[Brief descriptive captions]
- Opening Delimiter -
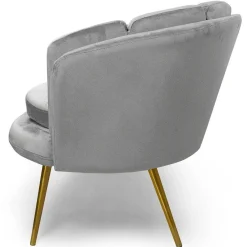 3S. x Home Canapé 2 places arrondi Brenda Velours Argent pieds Or Clearance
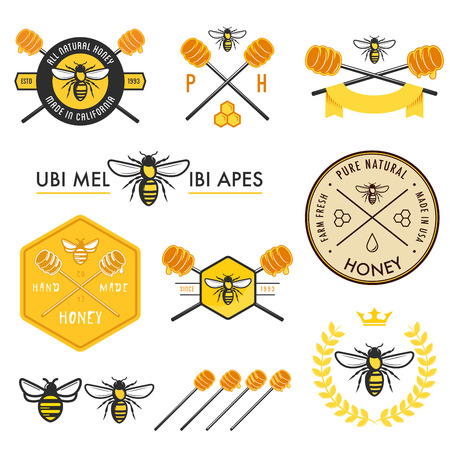 Set of honey labels, badges and design elementsのイラスト素材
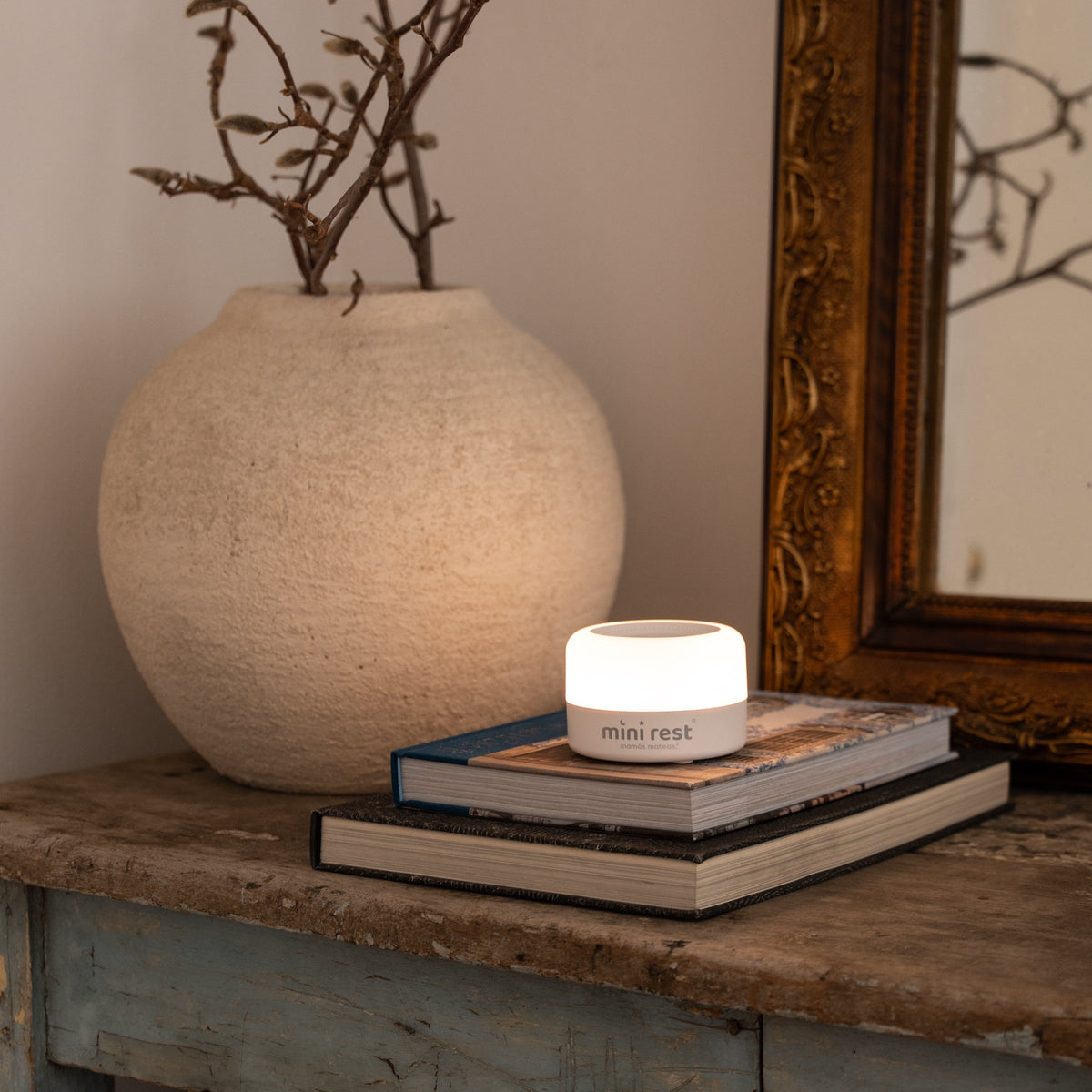 Máquina de ruido blanco Mini Rest con luz de noche, para crear una rutina de sueño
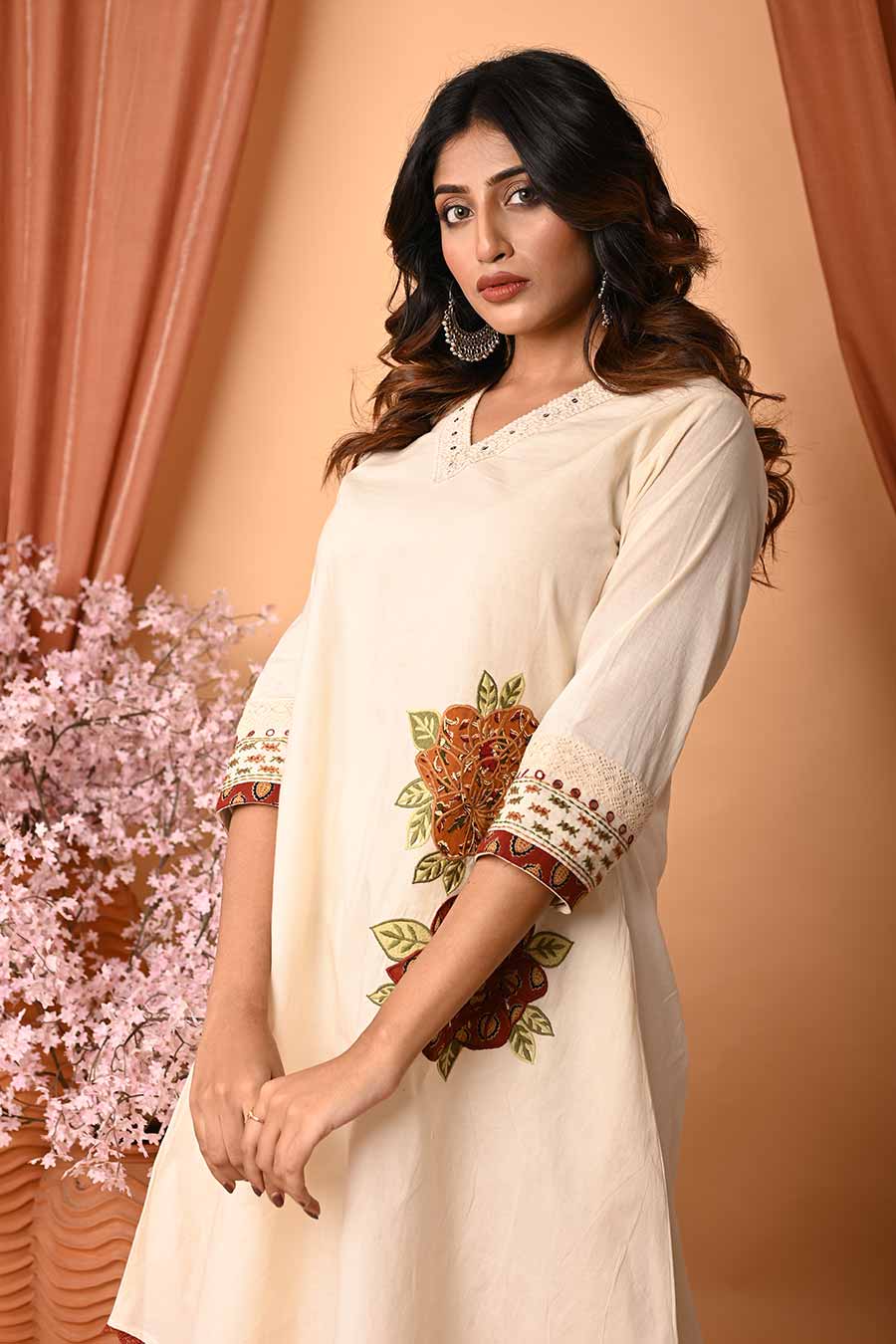 Cream Rumal-Cut Embroidered Kurta Set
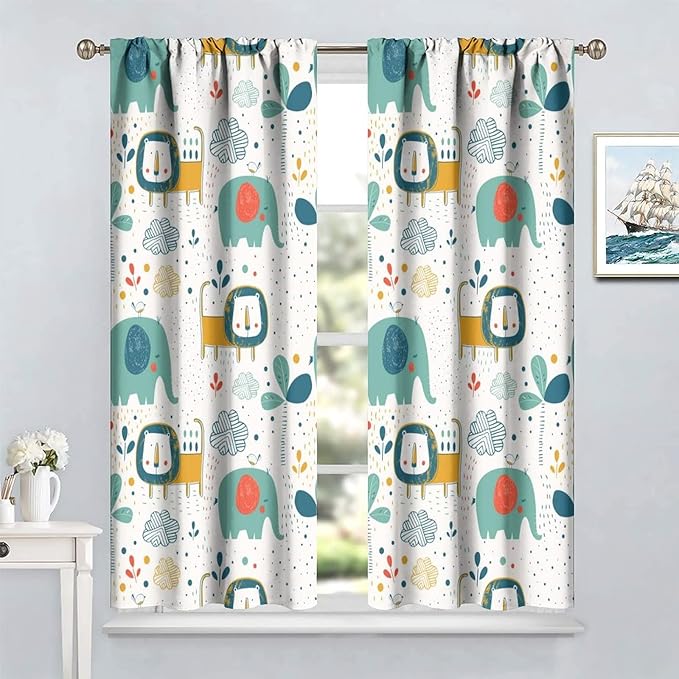 Cute Lions Blackout Curtains for Kids Bedroom,Cartoon Tropical Plants Birds Elephants Print Pattern Window Drapes,Funny Animal Thermal Insulation Curtain for Nursery Baby Room 63x63in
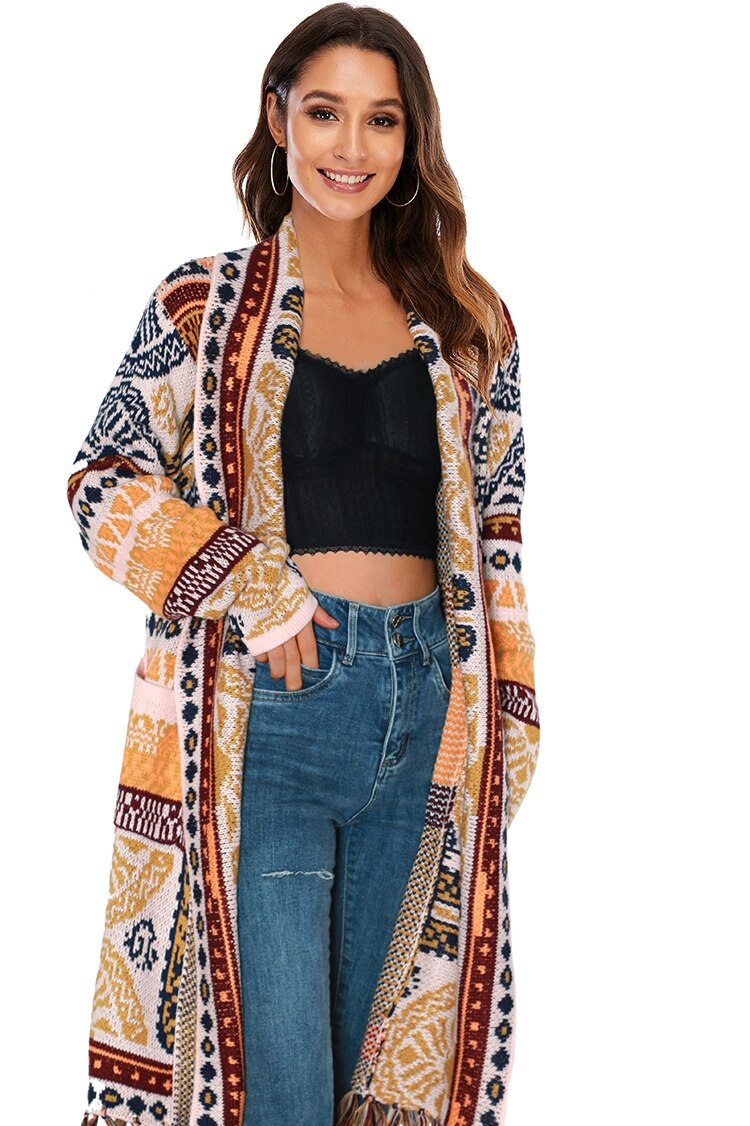 Pull motif ethnique femme best sale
- Closing Delimiter -
> Task goal:
Return every record above exactly as written, but drop the pictures.

> Exercise answer:
 3S. x Home Canapé 2 places arrondi Brenda Velours Argent pieds Or Clearance
 Set of honey labels, badges and design elementsのイラスト素材
 Máquina de ruido blanco Mini Rest con luz de noche, para crear una rutina de sueño
 Cream Rumal-Cut Embroidered Kurta Set
 Cute Lions Blackout Curtains for Kids Bedroom,Cartoon Tropical Plants Birds Elephants Print Pattern Window Drapes,Funny Animal Thermal Insulation Curtain for Nursery Baby Room 63x63in
 Pull motif ethnique femme best sale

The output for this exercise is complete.